From: Sean Christopherson
Date: Thu May 02 2024 - 19:51:59 EST


On Tue, Apr 16, 2024, Ravi Bangoria wrote:
> Currently, LBR Virtualization is dynamically enabled and disabled for
> a vcpu by intercepting writes to MSR_IA32_DEBUGCTLMSR. This helps by
> avoiding unnecessary save/restore of LBR MSRs when nobody is using it
> in the guest. However, SEV-ES guest mandates LBR Virtualization to be
> _always_ ON[1] and thus this dynamic toggling doesn't work for SEV-ES
> guest, in fact it results into fatal error:
>
> SEV-ES guest on Zen3, kvm-amd.ko loaded with lbrv=1
>
> [guest ~]# wrmsr 0x1d9 0x4
> KVM: entry failed, hardware error 0xffffffff
> EAX=00000004 EBX=00000000 ECX=000001d9 EDX=00000000
> ...
>
> Fix this by never intercepting MSR_IA32_DEBUGCTLMSR for SEV-ES guests.
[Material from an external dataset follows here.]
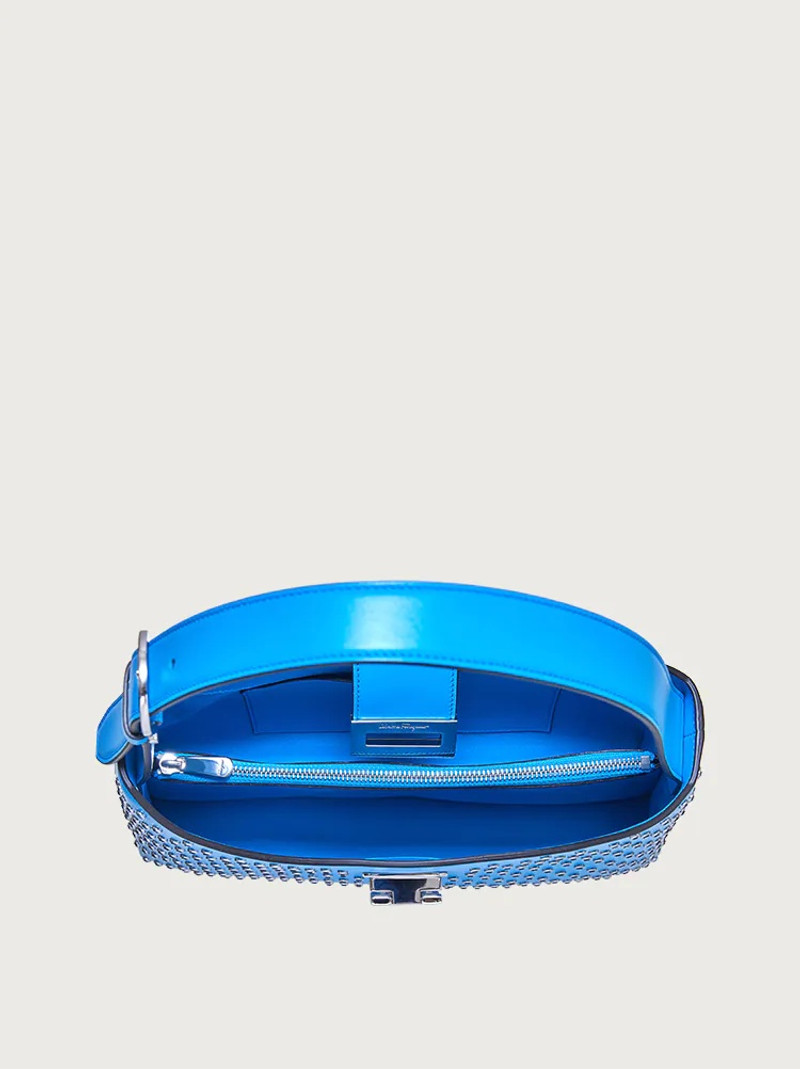 FERRAGAMO STUDDED TRIFOLIO SHOULDER BAG outlook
Uh, what? I mean, sure, it works, maybe, I dunno. But there's a _massive_
disconnect between the first paragraph and this statement.

Oh, good gravy, it "works" because SEV already forces LBR virtualization.

svm->vmcb->control.virt_ext |= LBR_CTL_ENABLE_MASK;

(a) the changelog needs to call that out. (b) KVM needs to disallow SEV-ES if
LBR virtualization is disabled by the admin, i.e. if lbrv=false.

Alternatively, I would be a-ok simply deleting lbrv, e.g. to avoid yet more
printks about why SEV-ES couldn't be enabled.

Hmm, I'd probably be more than ok. Because AMD (thankfully, blessedly) uses CPUID
bits for SVM features, the admin can disable LBRV via clear_cpuid (or whatever it's
called now). And there are hardly any checks on the feature, so it's not like
having a boolean saves anything. AMD is clearly committed to making sure LBRV
works, so the odds of KVM really getting much value out of a module param is low.

And then when you delete lbrv, please add a WARN_ON_ONCE() sanity check in
sev_hardware_setup() (if SEV-ES is supported), because like the DECODEASSISTS
and FLUSHBYASID requirements, it's not super obvious that LBRV is a hard
requirement for SEV-ES (that's an understatment; I'm curious how some decided
that LBR virtualization is where the line go drawn for "yeah, _this_ is mandatory").